EPA chides Michigan, Flint over water
The U.S. Environmental Protection Agency chastised the state of Michigan and city of Flint for not doing more to address concerns over water quality and high lead levels found in residents' taps, specifically calling them out for not having more qualified personnel operating Flint's water system. Water Enforcement Division Director Mark Pollins told officials that there continue to be "significant issues that need immediate attention," including staffing levels at the Flint water treatment plant. He also said there needs to be a comprehensive plan to ensure corrosion treatments are adequate.
'Affluenza' teen's case moves to adult court
A judge transferred "affluenza" teen Ethan Couch's case from juvenile to adult court. Couch, 18, has been held at Tarrant County's maximum-security adult facility since Feb. 5 and will remain in solitary confinement for his own safety. Couch fled to Mexico, violating probation, after a conviction three years ago for killing four people in a drunken driving crash.

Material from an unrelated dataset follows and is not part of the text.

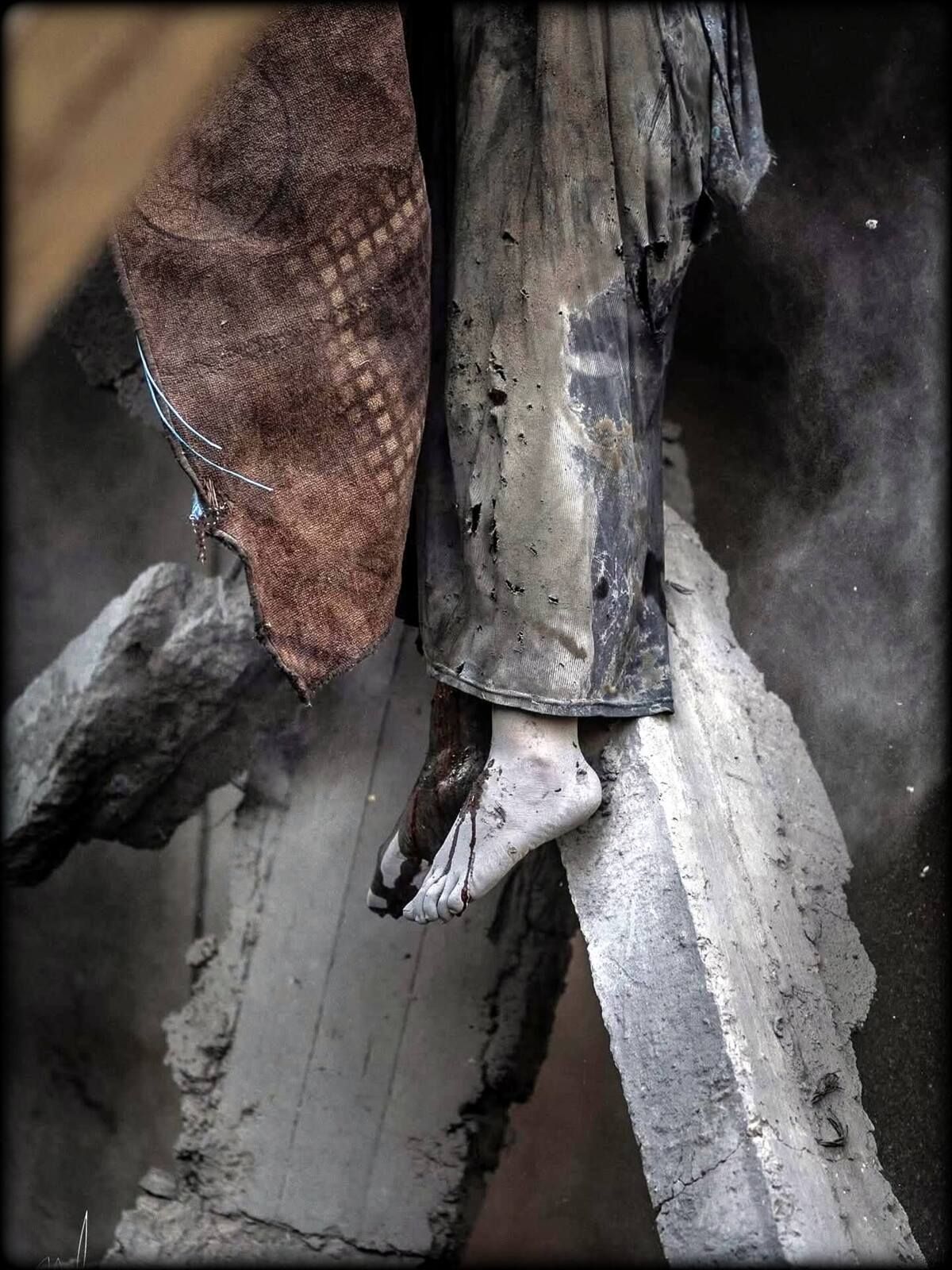 Dr. EZZIDEEN, GAZA, GENOCIDE, HORREUR, MASSACRE, NETANYAHU, SADISME, FOLIE, BOUCHER, TORTURE, ISRAEL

End to El Niño bad news for state's drought
El Niño will end over the next couple of months, possibly to be replaced by its sister phenomenon, La Niña, which could spell a drier than average summer and fall, a foreboding prospect for a thirsty region suffering through an extended drought. The International Research Institute for Climate and Society said the warm equatorial waters, which many hoped would spell relief for California's ongoing water woes, have peaked.
Gunmen kill three police officers
Two gunmen shot and killed three police officers in an attack in Faisalabad. Police said the gunmen escaped on a motorbike after the shooting on a busy road. No group immediately claimed responsibility for the assault, but a local affiliate of the Islamic State in Iraq and the Levant claimed a similar attack on police patrol in Islamabad last week.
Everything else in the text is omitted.